What needs to be done:
Without omitting anything, copy every entry word for word.

BEGIN Given data

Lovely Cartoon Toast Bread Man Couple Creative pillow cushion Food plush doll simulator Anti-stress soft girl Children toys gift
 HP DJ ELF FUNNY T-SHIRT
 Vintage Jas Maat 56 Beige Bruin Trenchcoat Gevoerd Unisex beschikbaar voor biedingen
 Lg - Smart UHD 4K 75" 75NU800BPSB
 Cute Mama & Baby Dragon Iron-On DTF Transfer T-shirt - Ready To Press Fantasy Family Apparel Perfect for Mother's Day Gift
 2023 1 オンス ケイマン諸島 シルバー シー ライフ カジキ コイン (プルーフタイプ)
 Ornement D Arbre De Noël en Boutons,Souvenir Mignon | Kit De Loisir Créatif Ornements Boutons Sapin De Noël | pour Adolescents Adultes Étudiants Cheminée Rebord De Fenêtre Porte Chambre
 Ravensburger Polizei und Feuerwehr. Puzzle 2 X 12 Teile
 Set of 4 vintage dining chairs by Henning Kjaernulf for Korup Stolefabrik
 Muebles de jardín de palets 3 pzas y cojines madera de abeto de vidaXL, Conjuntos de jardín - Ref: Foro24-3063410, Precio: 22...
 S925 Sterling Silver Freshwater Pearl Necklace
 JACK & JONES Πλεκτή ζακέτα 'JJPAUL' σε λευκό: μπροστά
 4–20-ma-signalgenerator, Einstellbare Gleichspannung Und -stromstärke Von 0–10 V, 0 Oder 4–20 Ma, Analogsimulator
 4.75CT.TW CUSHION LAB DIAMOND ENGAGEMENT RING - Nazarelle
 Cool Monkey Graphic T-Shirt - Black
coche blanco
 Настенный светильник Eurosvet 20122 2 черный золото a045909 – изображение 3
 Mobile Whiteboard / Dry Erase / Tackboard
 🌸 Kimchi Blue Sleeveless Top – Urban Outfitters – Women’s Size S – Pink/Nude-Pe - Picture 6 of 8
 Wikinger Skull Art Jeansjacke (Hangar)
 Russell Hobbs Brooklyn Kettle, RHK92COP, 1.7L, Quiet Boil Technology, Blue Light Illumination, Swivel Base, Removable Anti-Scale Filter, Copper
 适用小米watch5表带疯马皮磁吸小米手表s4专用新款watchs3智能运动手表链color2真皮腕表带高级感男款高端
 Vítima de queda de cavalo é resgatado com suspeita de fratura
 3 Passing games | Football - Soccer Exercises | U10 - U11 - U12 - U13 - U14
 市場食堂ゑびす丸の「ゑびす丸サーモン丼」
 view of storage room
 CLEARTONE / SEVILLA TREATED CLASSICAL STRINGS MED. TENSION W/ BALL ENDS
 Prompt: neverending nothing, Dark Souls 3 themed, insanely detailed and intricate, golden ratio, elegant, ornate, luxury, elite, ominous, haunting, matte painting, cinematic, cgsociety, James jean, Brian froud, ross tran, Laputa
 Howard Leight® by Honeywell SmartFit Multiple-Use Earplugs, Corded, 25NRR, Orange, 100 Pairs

END Given data

Answer to this exercise:
Lovely Cartoon Toast Bread Man Couple Creative pillow cushion Food plush doll simulator Anti-stress soft girl Children toys gift
 HP DJ ELF FUNNY T-SHIRT
 Vintage Jas Maat 56 Beige Bruin Trenchcoat Gevoerd Unisex beschikbaar voor biedingen
 Lg - Smart UHD 4K 75" 75NU800BPSB
 Cute Mama & Baby Dragon Iron-On DTF Transfer T-shirt - Ready To Press Fantasy Family Apparel Perfect for Mother's Day Gift
 2023 1 オンス ケイマン諸島 シルバー シー ライフ カジキ コイン (プルーフタイプ)
 Ornement D Arbre De Noël en Boutons,Souvenir Mignon | Kit De Loisir Créatif Ornements Boutons Sapin De Noël | pour Adolescents Adultes Étudiants Cheminée Rebord De Fenêtre Porte Chambre
 Ravensburger Polizei und Feuerwehr. Puzzle 2 X 12 Teile
 Set of 4 vintage dining chairs by Henning Kjaernulf for Korup Stolefabrik
 Muebles de jardín de palets 3 pzas y cojines madera de abeto de vidaXL, Conjuntos de jardín - Ref: Foro24-3063410, Precio: 22...
 S925 Sterling Silver Freshwater Pearl Necklace
 JACK & JONES Πλεκτή ζακέτα 'JJPAUL' σε λευκό: μπροστά
 4–20-ma-signalgenerator, Einstellbare Gleichspannung Und -stromstärke Von 0–10 V, 0 Oder 4–20 Ma, Analogsimulator
 4.75CT.TW CUSHION LAB DIAMOND ENGAGEMENT RING - Nazarelle
 Cool Monkey Graphic T-Shirt - Black
coche blanco
 Настенный светильник Eurosvet 20122 2 черный золото a045909 – изображение 3
 Mobile Whiteboard / Dry Erase / Tackboard
 🌸 Kimchi Blue Sleeveless Top – Urban Outfitters – Women’s Size S – Pink/Nude-Pe - Picture 6 of 8
 Wikinger Skull Art Jeansjacke (Hangar)
 Russell Hobbs Brooklyn Kettle, RHK92COP, 1.7L, Quiet Boil Technology, Blue Light Illumination, Swivel Base, Removable Anti-Scale Filter, Copper
 适用小米watch5表带疯马皮磁吸小米手表s4专用新款watchs3智能运动手表链color2真皮腕表带高级感男款高端
 Vítima de queda de cavalo é resgatado com suspeita de fratura
 3 Passing games | Football - Soccer Exercises | U10 - U11 - U12 - U13 - U14
 市場食堂ゑびす丸の「ゑびす丸サーモン丼」
 view of storage room
 CLEARTONE / SEVILLA TREATED CLASSICAL STRINGS MED. TENSION W/ BALL ENDS
 Prompt: neverending nothing, Dark Souls 3 themed, insanely detailed and intricate, golden ratio, elegant, ornate, luxury, elite, ominous, haunting, matte painting, cinematic, cgsociety, James jean, Brian froud, ross tran, Laputa
 Howard Leight® by Honeywell SmartFit Multiple-Use Earplugs, Corded, 25NRR, Orange, 100 Pairs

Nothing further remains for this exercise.